Biography of John Adams

Lawyer (1758-1761)

"My Inclination was soon fixed upon the Law: But my judgment was not so easily determined."

John Adams, Autobiography

Adams began to study law under James Putnam. Adams continued to teach school during the day and study law at night. When it came time for Adams to present himself to the bar at Braintree, Putnam failed to accompany Adams. Fortunately, Jeremiah Gridley, another lawyer, recommended Adams. Adams was admitted to the bar in 1758. Gridley also gave Adams sage advice not to marry early. Adams followed this advice and threw himself into his law studies.

Later that year, John Adams met Hannah Quincy who was a year younger than John. They met on many a Sunday evening. Adams almost forgot Gridley's advice and was on the brink of a proposal when two of Adams' friends walked into the parlor. Soon Hannah tired of waiting on Adams and married another man in 1760.

When the citizens of Worcester learned that Adams was now a lawyer, they offered him a position as town register of deeds if would set up in town as a lawyer. Adams rejected their offer and returned to Braintree.

Adams' first case was between two neighbors that had been feuding for years. Adams' client had lost the first case. Adams' client had filed a sort of an appeal, called a writ. Adams lost that case on a technicality he - had forgotten to fill the name of the county on the writ! After the case, Adams realized that to become a successful lawyer, he needed to study local law instead of the law classics he was reading.
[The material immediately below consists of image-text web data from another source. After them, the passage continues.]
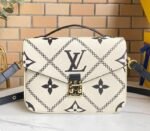 Louis Vuitton Spring 2022 Monogram Empreinte Pochette Metis Handbag In Cream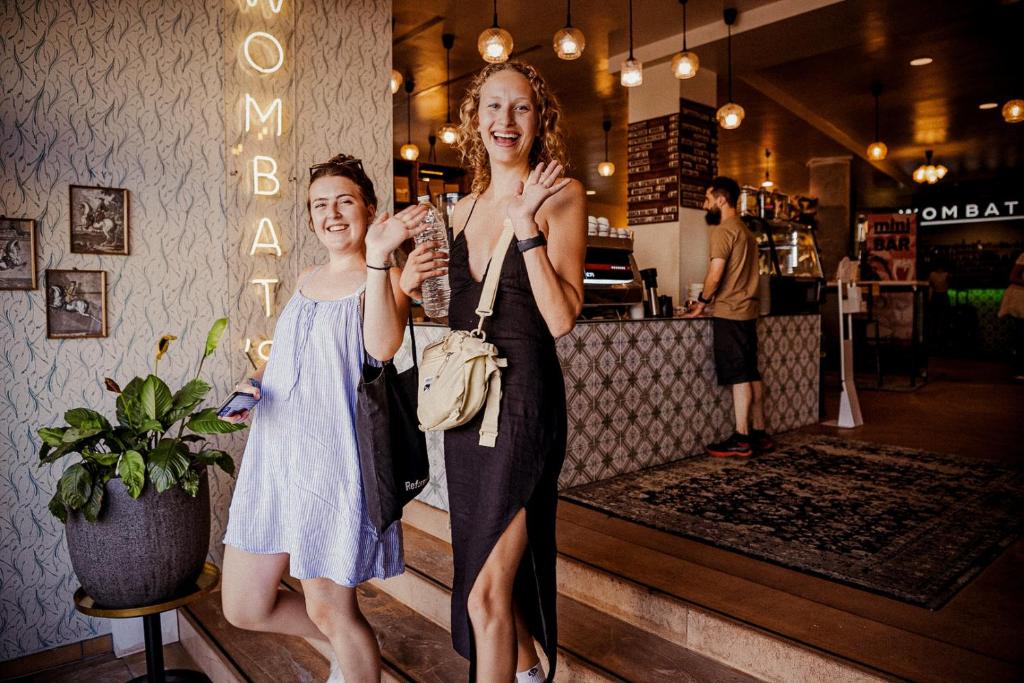 two women standing next to each other in a store at Wombat's City Hostel Vienna Naschmarkt in Vienna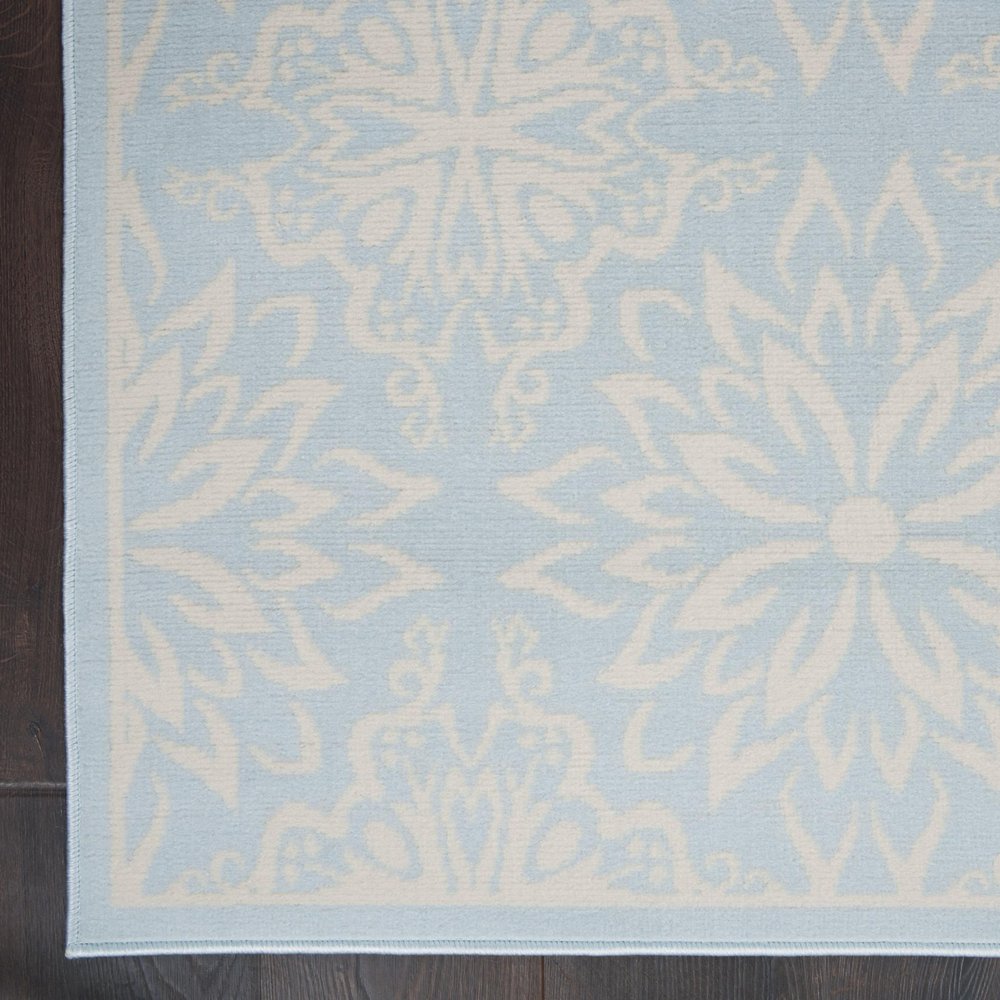 5' X 7' Light Blue Floral Power Loom Area Rug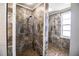 Stunning walk-in shower with brown stone tile and dual shower heads at 1328 Edgewater Beach Dr, Lakeland, FL 33805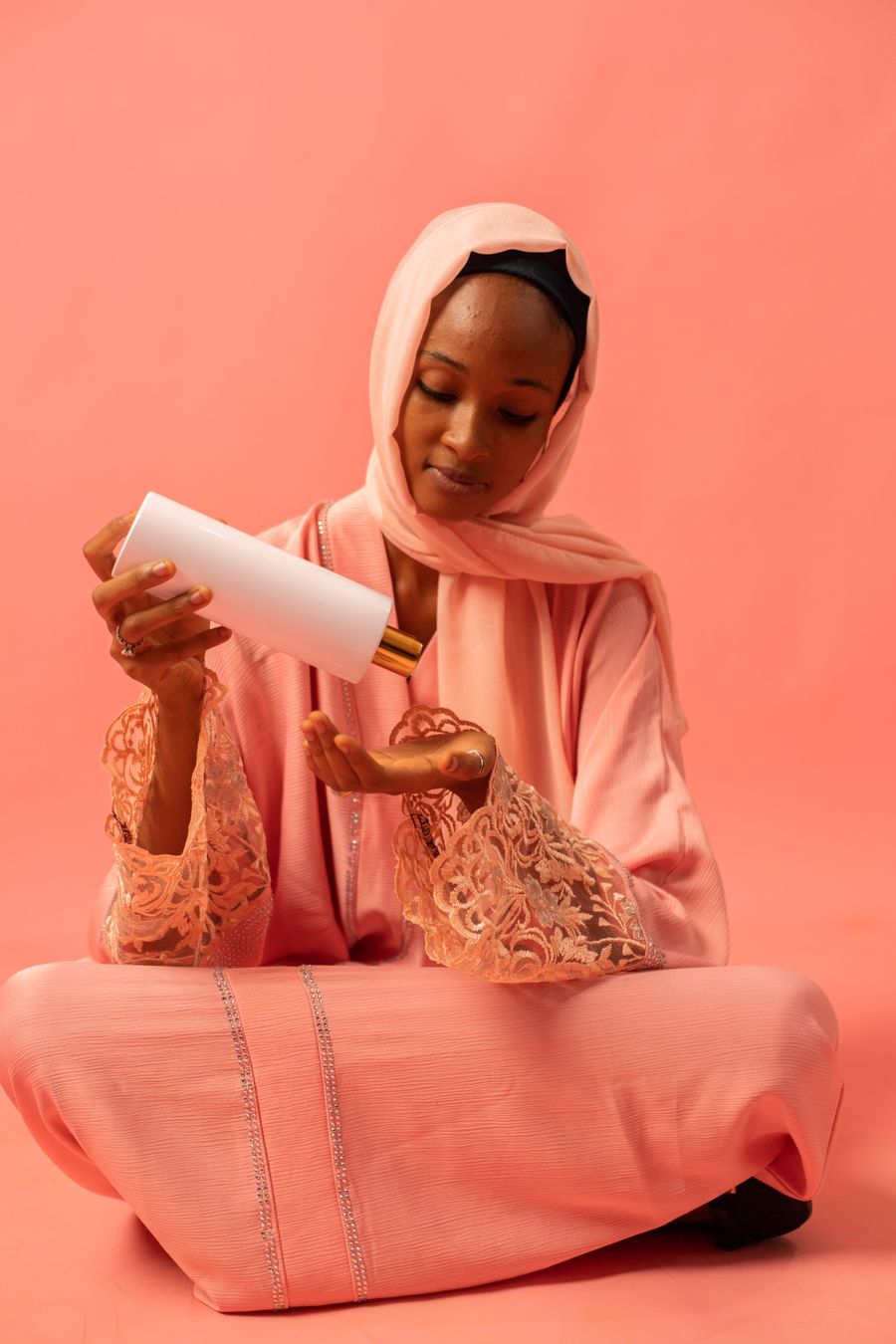 Woman with beauty products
In 1764, Adams married Abigail Smith on October 25. At the time John was 28 and his bride was 19. Abigail became John's best friend and quite possibly his wisest political advisor. Though they were separated for long periods of time, Abigail kept John posted of the current events at home. Abigail was the first First Lady to live in the White House and is regarded as one of the early advocates of the women's liberation movement. Abigail and John had four children live to maturity. She was the only First Lady to have a son become President. Abigail died of typhoid fever on October 28, 1818, just after the Adams' fifty-fourth anniversary.